*** Block opens ***

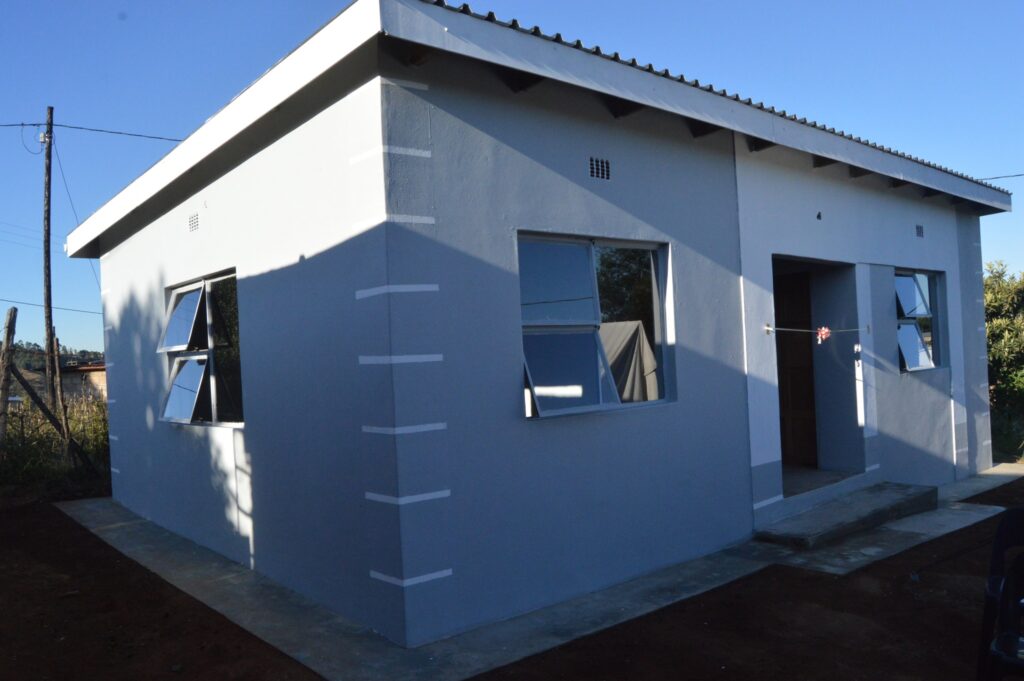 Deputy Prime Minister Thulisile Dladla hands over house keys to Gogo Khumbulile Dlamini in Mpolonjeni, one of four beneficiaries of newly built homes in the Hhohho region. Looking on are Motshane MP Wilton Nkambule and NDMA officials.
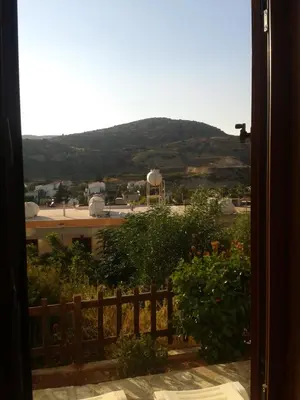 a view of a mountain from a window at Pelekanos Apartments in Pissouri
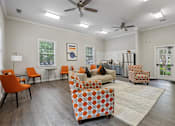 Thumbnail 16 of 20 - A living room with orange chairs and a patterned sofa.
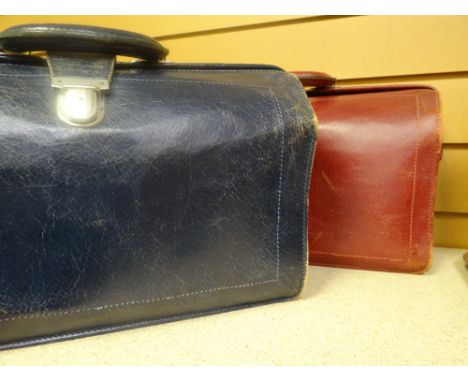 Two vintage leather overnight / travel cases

*** Block closes ***
*** Block opens ***

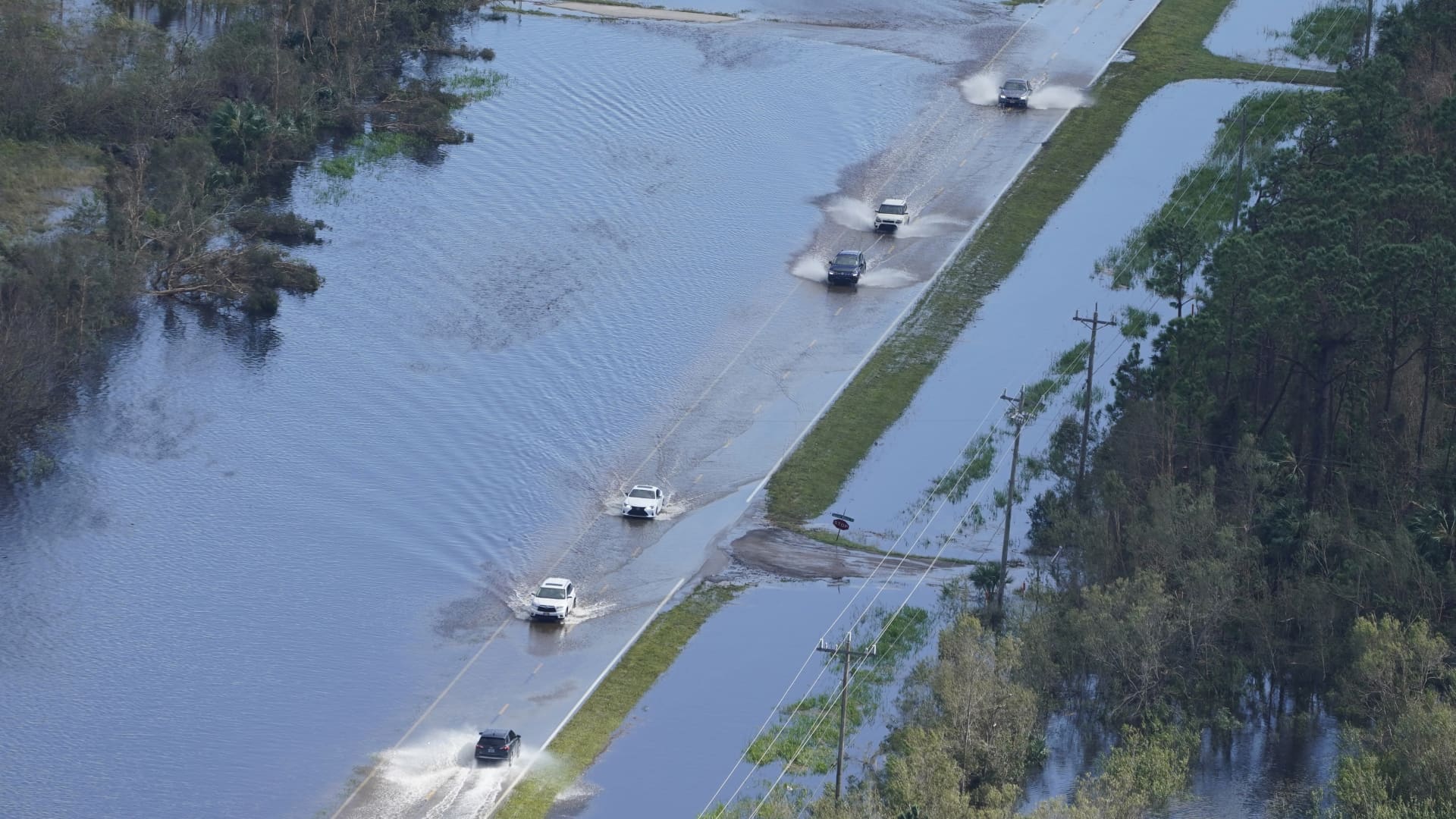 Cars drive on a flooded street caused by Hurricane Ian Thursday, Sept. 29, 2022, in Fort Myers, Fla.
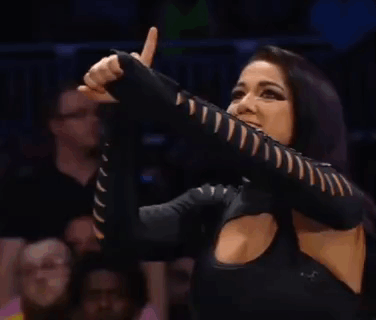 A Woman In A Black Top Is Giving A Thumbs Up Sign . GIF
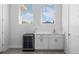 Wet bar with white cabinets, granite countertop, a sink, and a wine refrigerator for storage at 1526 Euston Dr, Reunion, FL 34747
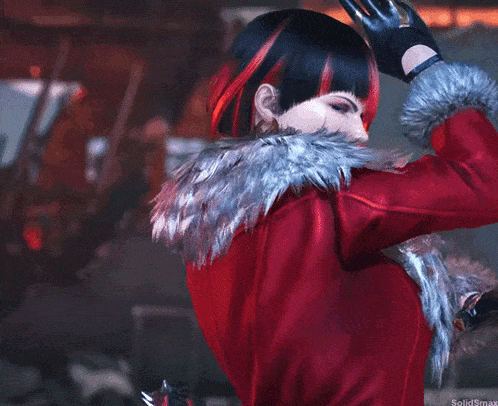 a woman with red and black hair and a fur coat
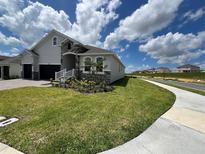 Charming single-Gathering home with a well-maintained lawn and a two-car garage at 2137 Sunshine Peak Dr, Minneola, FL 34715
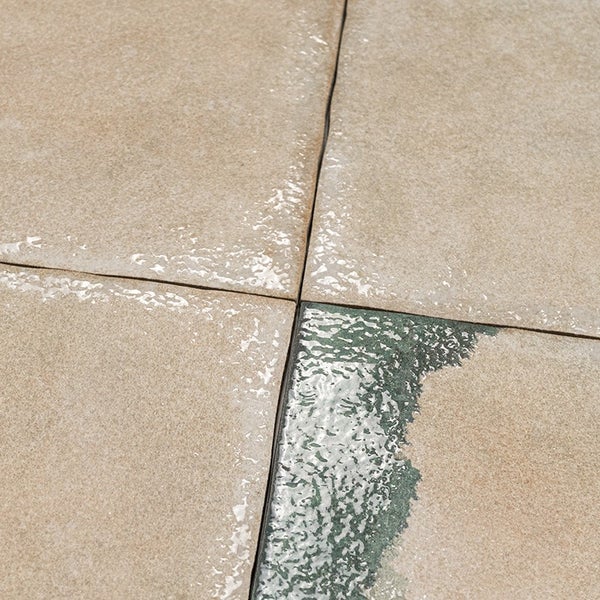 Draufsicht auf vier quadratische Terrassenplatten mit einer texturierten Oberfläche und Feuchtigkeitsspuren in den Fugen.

*** Block closes ***

◆ WHAT YOU NEED TO DO ◆
From the data above, return only the lines starting at the line that holds "Deputy Prime Minister" and ending at the line that holds "Two vintage leather overnight / travel cases", word for word and without pictures.

◆ RESPONSE BOX ◆
 Deputy Prime Minister Thulisile Dladla hands over house keys to Gogo Khumbulile Dlamini in Mpolonjeni, one of four beneficiaries of newly built homes in the Hhohho region. Looking on are Motshane MP Wilton Nkambule and NDMA officials.
 a view of a mountain from a window at Pelekanos Apartments in Pissouri
 Thumbnail 16 of 20 - A living room with orange chairs and a patterned sofa.
 Two vintage leather overnight / travel cases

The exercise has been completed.